Udacity - Data Engineering Nanodegree Program

Project 3 - Data Warehouse

In this project, the goal is to take data, currently stored in JSON files in public Amazon S3 buckets, and migrate it to Amazon Redshift to more efficiently run analytics on it.

The data is for a fictional company called Sparkify (comparable to Spotify). The datasets consist of information associated with songs and users on the Sparkify platform and songplays.

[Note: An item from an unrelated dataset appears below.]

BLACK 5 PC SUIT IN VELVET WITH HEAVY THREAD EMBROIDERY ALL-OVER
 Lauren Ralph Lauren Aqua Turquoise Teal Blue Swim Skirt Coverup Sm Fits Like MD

Below is the schema of the data that I have designed to ingest and analyze this data.

How To Run

In order to run this program, follow the steps below:
• Create an AWS Redshift cluster in region us-west-2
• Once created, fill in the corresponding fields in the dwh.cfg (under the [CLUSTER] heading) file with the clusters information
• Create an IAM role in AWS. This role will need policies for S3ReadOnlyAccess and Admin RedShift access.
• Add the ARN of the recently created role and add it under the [IAM_ROLE] heading in dwh.cfg
• In your terminal, run python create_tables.py
• In your terminal, run python etl.py
• Go to the AWS console, choose your cluster and then go to the query editor where you can now connect to the database and run analytical queries directly from the GUI in AWS

Staging events table

This table has information about the 'events' that have occured. This is a table used to ingest information from the JSON files in S3 and ultimately convert and migrate it to the other tables in the schema.

The fields and their datatypes are below. These fields were obtained based on the structure of the JSON files in S3.

artist varchar
auth varchar
firstName varchar
gender varchar
itemInSession integer
lastName varchar
length numeric
level varchar
location varchar
method varchar
page varchar
registration numeric
sessionId int
song varchar
status int
ts bigint
userAgent varchar
user_id int

Staging Songs table

This table has information about the 'songs' on the platform. This is a table used to ingest information from the JSON files in S3 and ultimately convert and migrate it to the other tables in the schema.

The fields and their datatypes are below. These fields were obtained based on the structure of the JSON files in S3.

num_songs int
artist_id varchar
artist_latitude numeric
artist_longitude numeric
artist_location varchar
artist_name varchar
song_id varchar
title varchar
duration numeric
year int

(Note: The following tables follow the same schema as the previous project in this Nanodegree program)

Songplays

Information about individual plays of songs

songplay_id int identity(0,1) PRIMARY KEY
start_time timestamp
user_id varchar NOT NULL
level varchar
song_id varchar
artist_id varchar
session_id int
location varchar
user_agent varchar

Users

Information about users of Sparkify

user_id varchar PRIMARY KEY NOT NULL
first_name varchar
last_name varchar
gender varchar
level varchar

Songs

Information about individual songs on Sparkify

song_id varchar PRIMARY KEY
title varchar
artist_id varchar NOT NULL
year int
duration numeric

Artists

Information about artists of songs on Sparkify

artist_id varchar PRIMARY KEY
name varchar NOT NULL
location varchar
latitude numeric
longitude numeric

Time

Breakdown of timestamps into constituent parts for easier querying

start_time timestamp PRIMARY KEY
hour int
day int
week int
month int
year int
weekday int

Process

Once the schemas were set and tables created, I then used the copy command to ingest JSON files from an S3 bucket and copy their contents, field by field, into the staging_events and staging_songs databases.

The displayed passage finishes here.